Stylist’s beauty editor Lucy Partington lives the sustainable tropical dream at Zuri Zanzibar.
Tropical islands are my thing. It’s my goal in life to visit as many as financially possible. I love how far removed they are from my hectic London life and how zen they make me feel. I crave blue skies, palm trees, sunshine, the works – and now I’m off to Zanzibar, a destination I’ve been keen to visit since I discovered that it was an actual place, not just a grimy nightclub in Leicester.
The thing with tropical islands, though, is they’re never easy to get to. Zanzibar is approximately 50km off the coast of mainland Tanzania, and by the time I arrive at what must be the world’s smallest – and most chaotic – airport, it’s around 18 hours since I left Heathrow. After another two hours driving north through small villages, we turn left down an unpaved mud track. It feels like I’m arriving at Hogwarts for the first time: I have no idea what awaits me, but as we drive through the ornate wooden gates of Zuri Zanzibar, I realise all that travelling has been worth it.

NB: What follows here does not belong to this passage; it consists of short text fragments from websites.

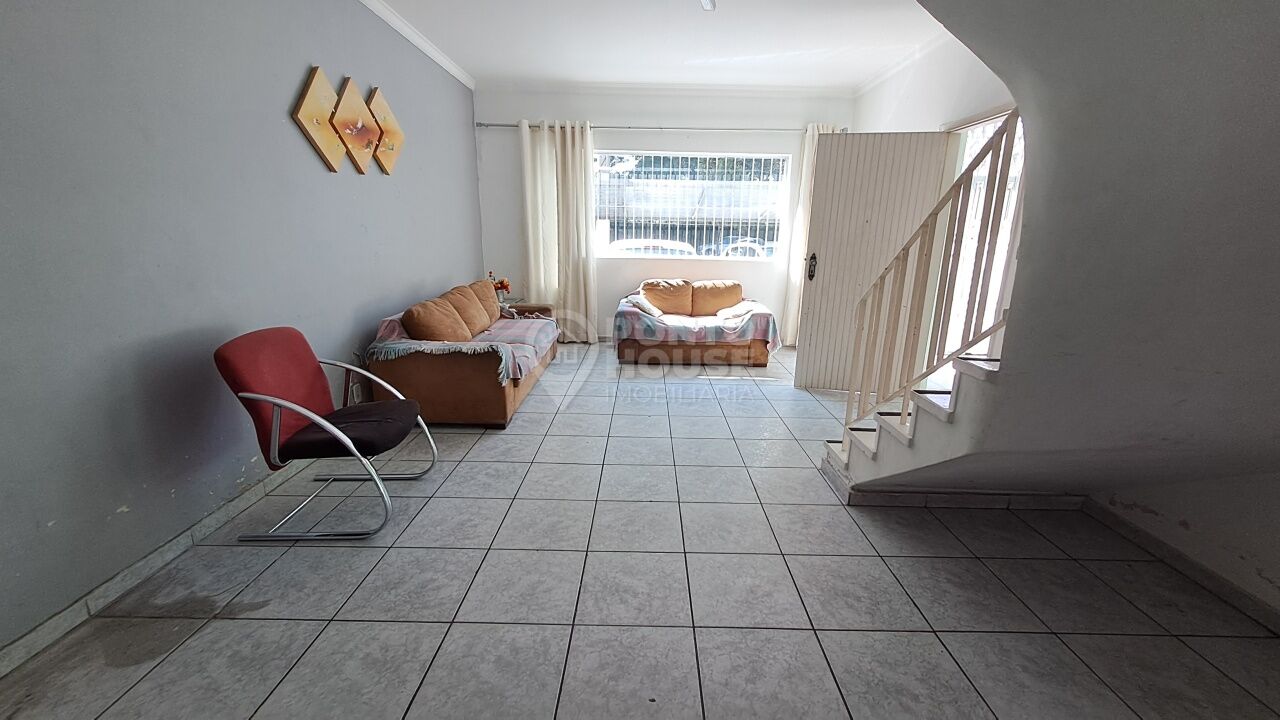 Casa Comercial à Venda em Indianópolis, 3 Salas, 4 Vagas, A 750 Metros Metrô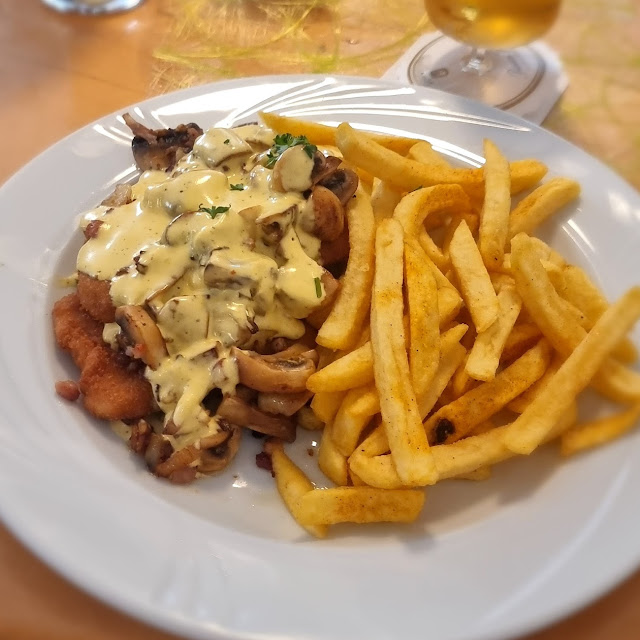 Schnitzel Mit Champignons Und Sauce Bernaise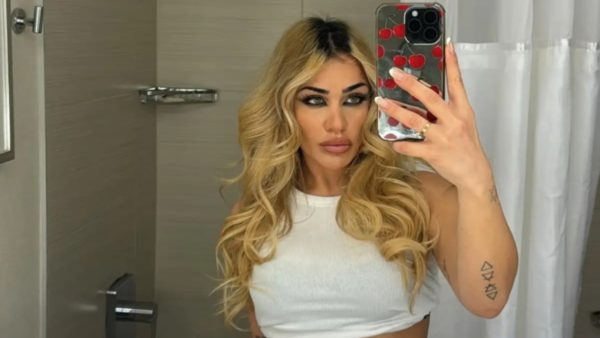 Κόνι Μεταξά: Η μεγάλη αλλαγή που έκανε η τραγουδίστρια στην εξωτερική της εμφάνιση – Βίντεο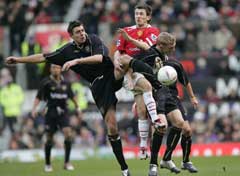 Exeter-spillerne Steve Flack og Dean Moxey hadde sin livs opplevelse da de holdt David Jones og Manchester United til 0-0 på Old Trafford. (Foto: Reuters/Scanpix) 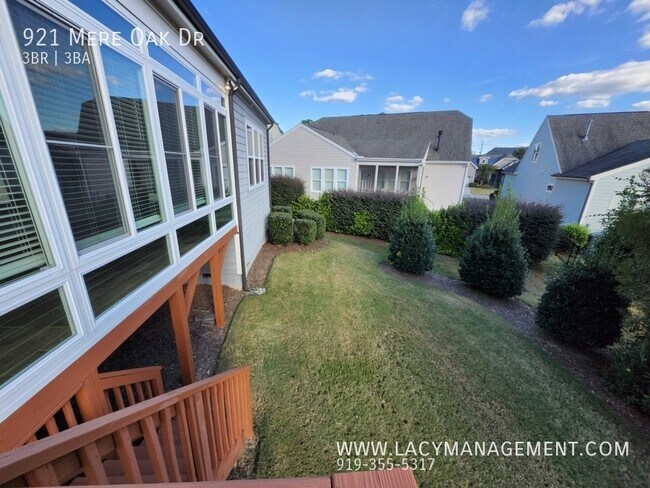 Building Photo - 921 Mere Oak Dr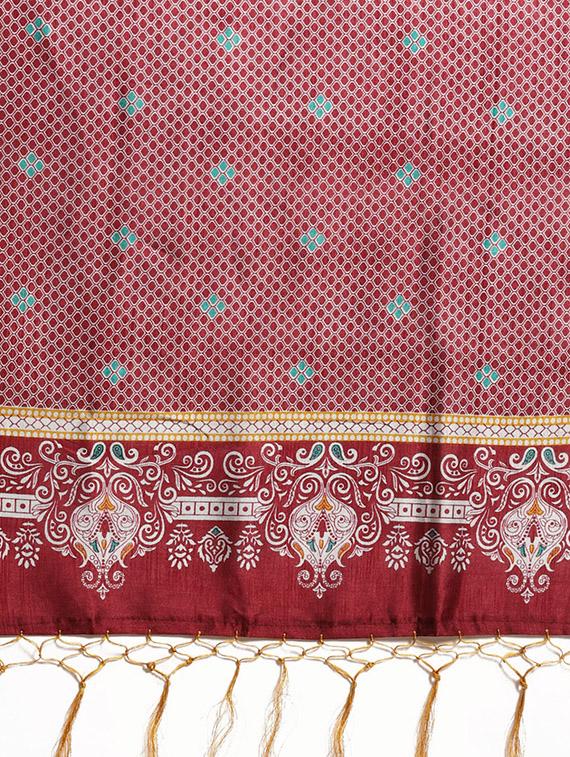 maroon silk blend printed saree with blouse - 16380904 - Zoom Image - 4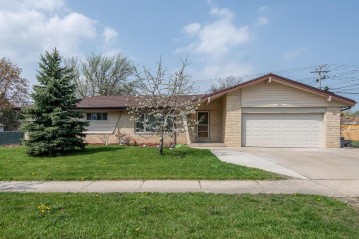 2326 W Clayton Crest Ave, Milwaukee, WI 53221-3732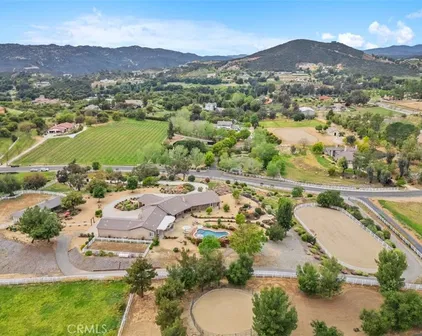 40190 Via Caballos, Murrieta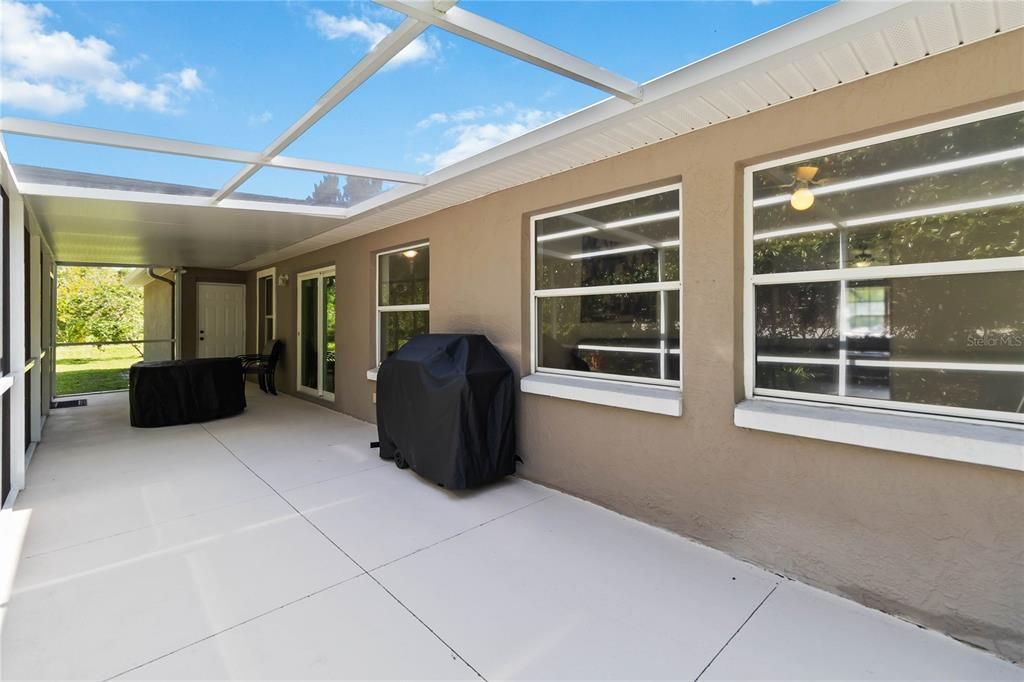 For Sale: $375,000 (3 beds, 2 baths, 1892 Square Feet)
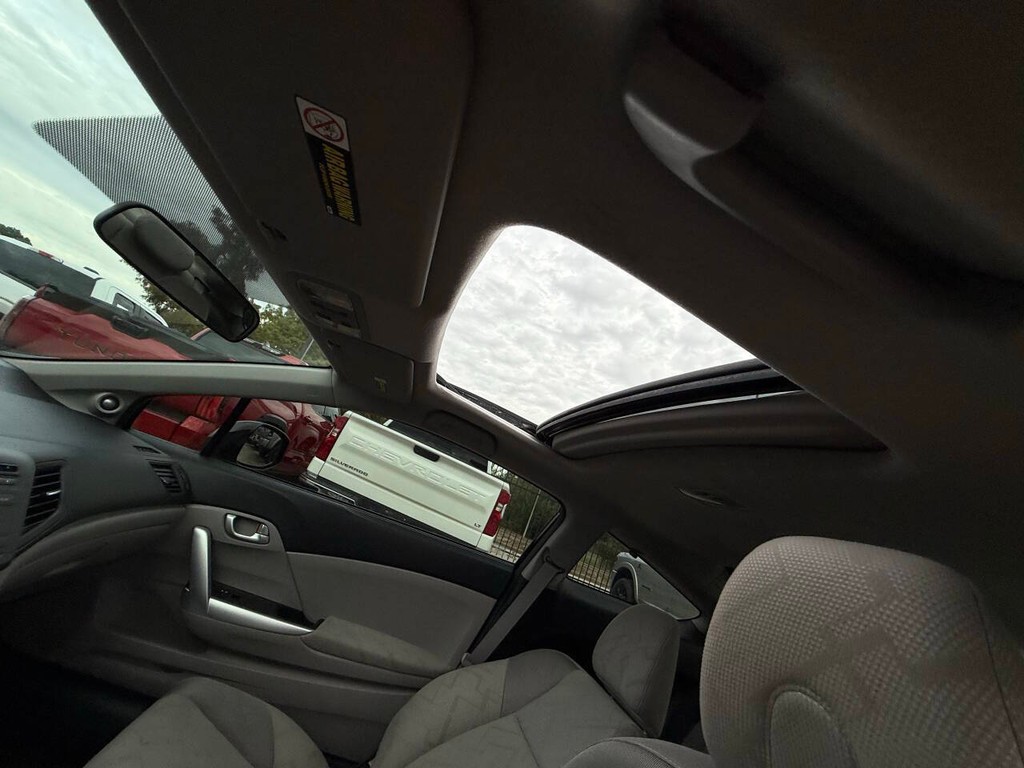 Honda Civic Vehicle Full-screen Gallery Image 24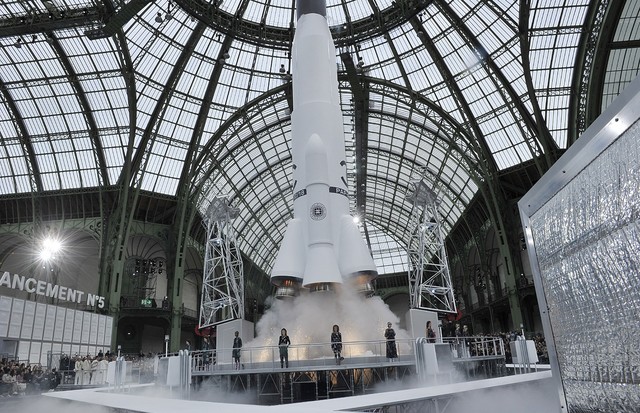O foguete do cenário do desfile da Chanel (Foto: Getty Images)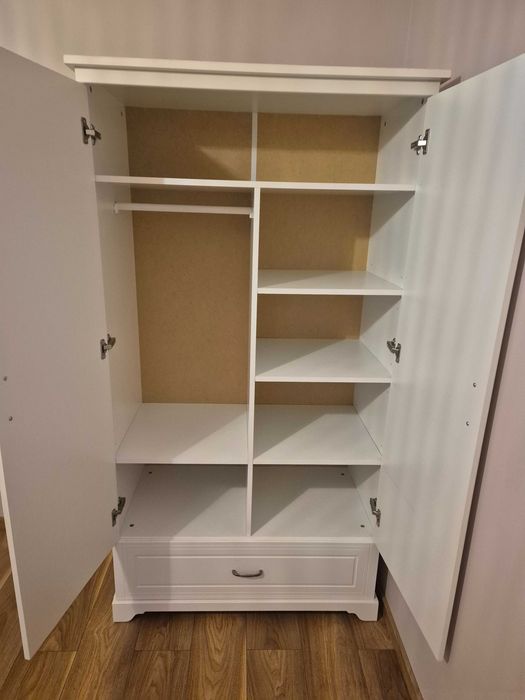 Szafa dziecięca biała jak nowa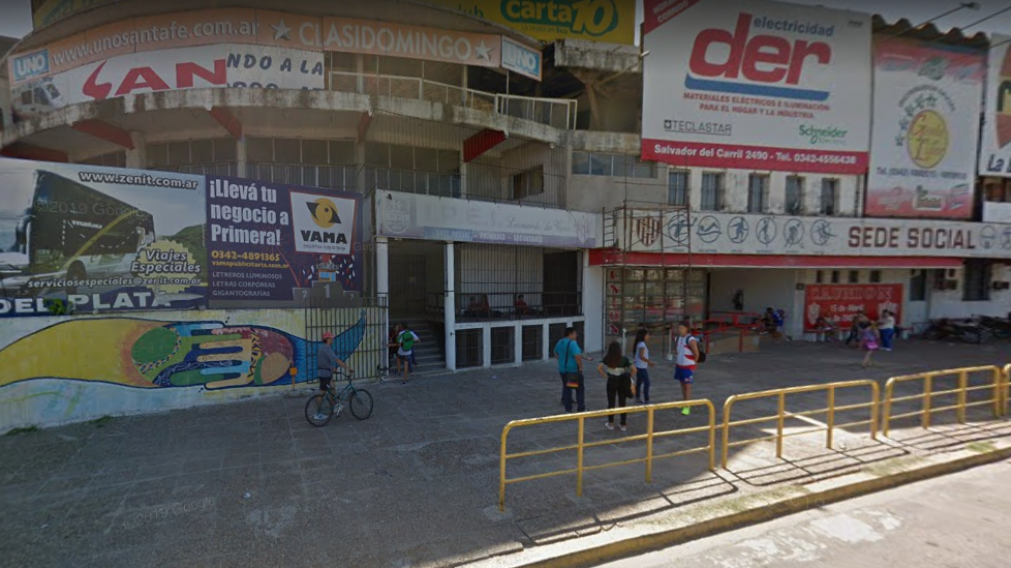 La víctima fue identificada por la Policía local como Gastón Álvarez.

The resort is situated on the far north-western shores of Kendwa, a village on the island of Unguja, which, to save confusion, is usually referred to as Zanzibar because it’s the largest and most populated island in the Zanzibar Archipelago. Made up of 55 eco-friendly bungalows, villas and suites, each one is perfectly placed along a sunset-facing cliff. At the bottom lies 300 metres of private beach, the silky white sand and Indian Ocean perfectly juxtaposed against the hotel’s impressive flora. If the sea isn’t your thing, there’s also a 32-metre infinity pool that overlooks the ocean and makes for the perfect #paradise Instagram shot.
There’s a veritable jungle of plants across the hotel site (even a horticulturalist would struggle with all the names), palm trees (is it even a tropical island without them?) and exotic hedges all dappled in the mid-afternoon sunlight. As soon as I take my first sip of freshly made lemonade, I let out an audible sigh of relief. I’m definitely not in London anymore, Toto.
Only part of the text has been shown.